Elsewhere: Rent control benefits upper income households in Berlin

Rent control doesn’t necessarily benefit those who need it the most.
2 min. read
The 1000 South Broadway Apartments. (Kevin J. Beaty/Denverite) apartment building; residential; real estate; denver; colorado; denverite; kevinjbeaty

The 1000 South Broadway Apartments. (Kevin J. Beaty/Denverite)

Look, we're probably never going to have rent control in Denver. But even if we did, it wouldn't necessarily be good for those that need it most. 

To see why, look to Berlin, where complex rent controls were enacted to combat rising rents in what was a famously cheap city. (Sound familiar?) As City Observatory reports, 85 percent of households in Berlin rent their home.

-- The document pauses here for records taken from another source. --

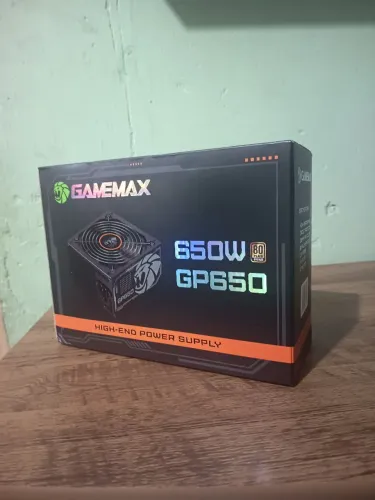 Fonte Gamemax 650W 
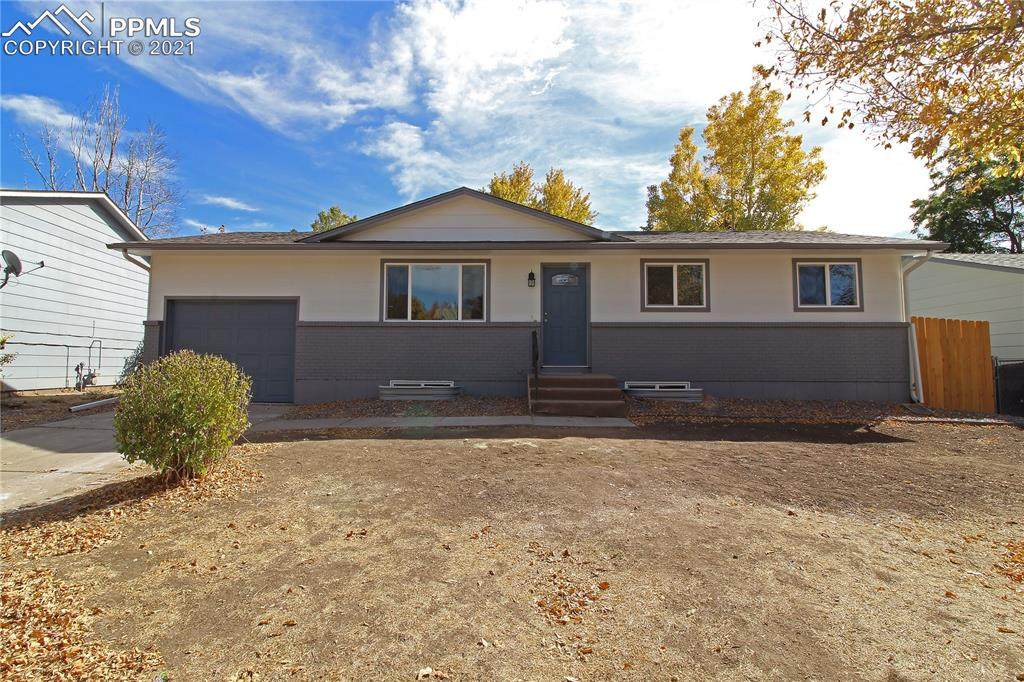 3854 Vaquero Circle - Photo 1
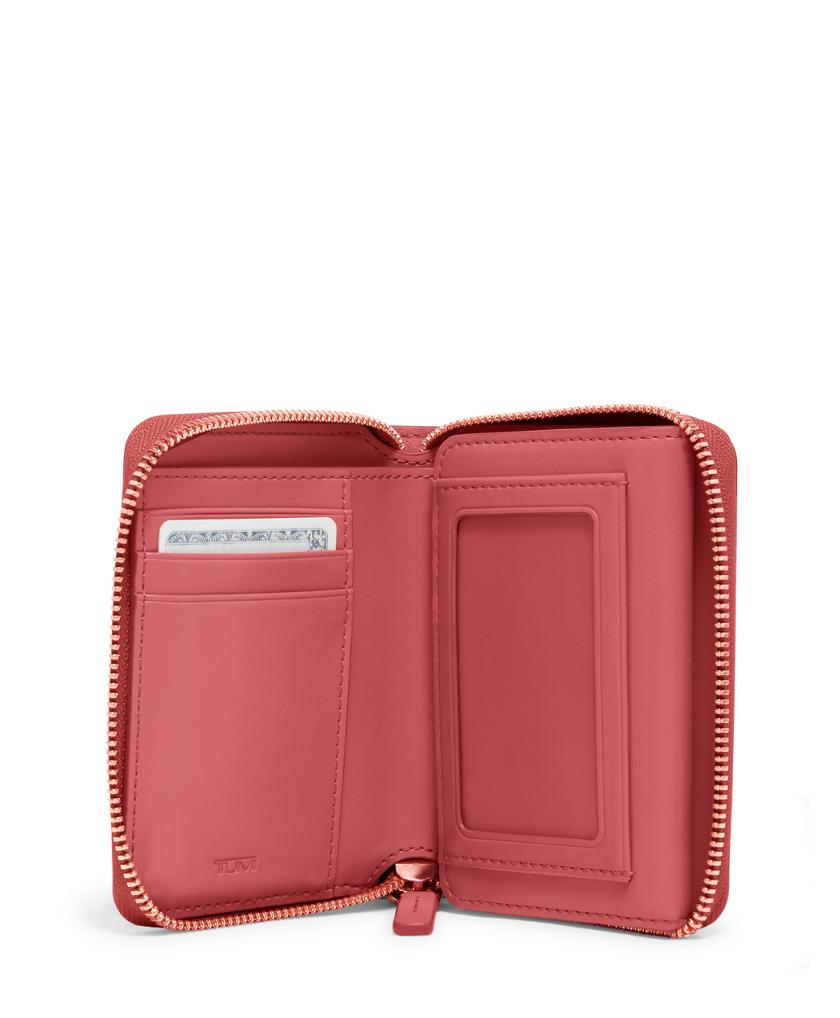 Tri-Fold Zip-Around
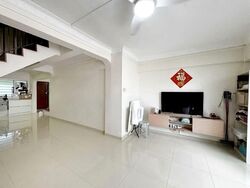 Blk 640 Hougang Avenue 8 (Hougang), HDB Executive #549751461
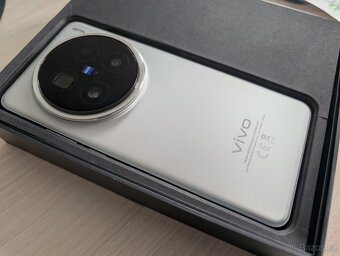 Vivo X200 PRO koupený 16.10.25 na Alze - 2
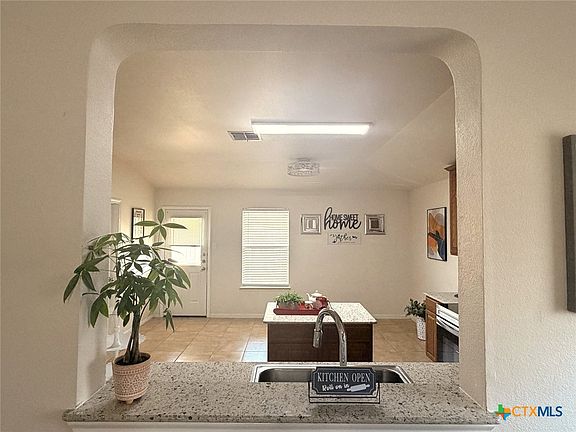 5th image of 505 Leo Ln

And now that the rent control policy has been in place for a year, new work has begun to look at its effects. Not only has the law's effects been less than expected, its benefits aren't going to whom you might expect. City Observatory again:

"[Lorenz Thomschke] concludes that the biggest impact of the rent control law has been to lower the prices charged for the largest and most expensive apartments. So, paradoxically, while the law was aimed at easing affordability problems for low and moderate income households, the chief beneficiaries of the law to date have been upper income households."

Anecdotally, the only person I knew who lived in a rent-controlled building works in finance on Wall Street, so this feels truthy to me.

Correction: An earlier version of this story misstated the publication which looked at rent controls in Berlin. That publication is City Observatory.